Beginning July 28, 2013, Express Mail will be known as “Priority Mail Express” and “Priority Mail Express International.” It will remain the fastest way to ship through the Post Office. Everything is the same as Express Mail; only the name is different.
Priority Mail will not change, except now USPS will provide “day-specific delivery” with the service. It will also include $50 or $100 insurance coverage for loss, damage, or missing items. You will also be given an estimated date of delivery of 1-3 days (depending on where you’re shipping from and where you’re shipping to, of course). Customers cannot request a delivery time frame. Costs will not increase based on estimated time of delivery.
According to the USPS official Web site, the change is aimed at simplifying shipping choices. “Research has shown that our service names are confusing for customers,” the site states. “In an effort to make shipping with USPS as easy as possible, we’re simplifying the name of our service.”
More than the name is changing, however. Customers currently using meter postage or stamps will have to go directly to the Post Office if they want the automatic insurance. The new Priority Mail shipping label will feature a note indicating when the package should arrive (one, two, or three days). Even the shipping boxes will have a new look to them.
The new packaging material is set to debut “on or before July 28, 2013” at all Post Office locations and online. You can still use your “old” materials until your stock runs out. The box indicates what service will be used, though, so don’t try using a Priority Mail box when shipping Priority Mail Express!
International shipping will have some new features as well. A new label has been created for Priority Mail Express International along with a new Customs Form. The good news? Less boxes to fill in!
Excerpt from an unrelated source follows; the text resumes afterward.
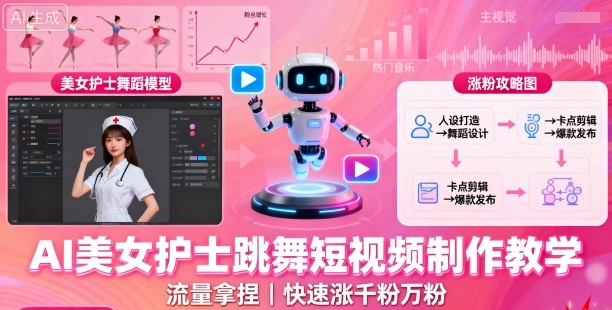 AI美女护士跳舞：短视频制作教学，快速涨千粉万粉【提示词+视频教程】-AI创作学习-提示词应用-短视频玩法野草AI资源学习网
USPS referred to writing the same information on two forms as “redundant data entry.” The drawback, however, is that the new form cannot be used for APO, FPO, or DPO locations.
In summary, if you go to the Post Office on or after (or possibly before) July 28, 2013 to ship Express, be prepared for Priority Mail Express. It’s the same as what Express was, just a different name. It may take Don’t worry, though, Priority Mail is still a priority; even if it might get there in an expressly manner it’s still Priority, not Express.
More confused than before? You’re not alone.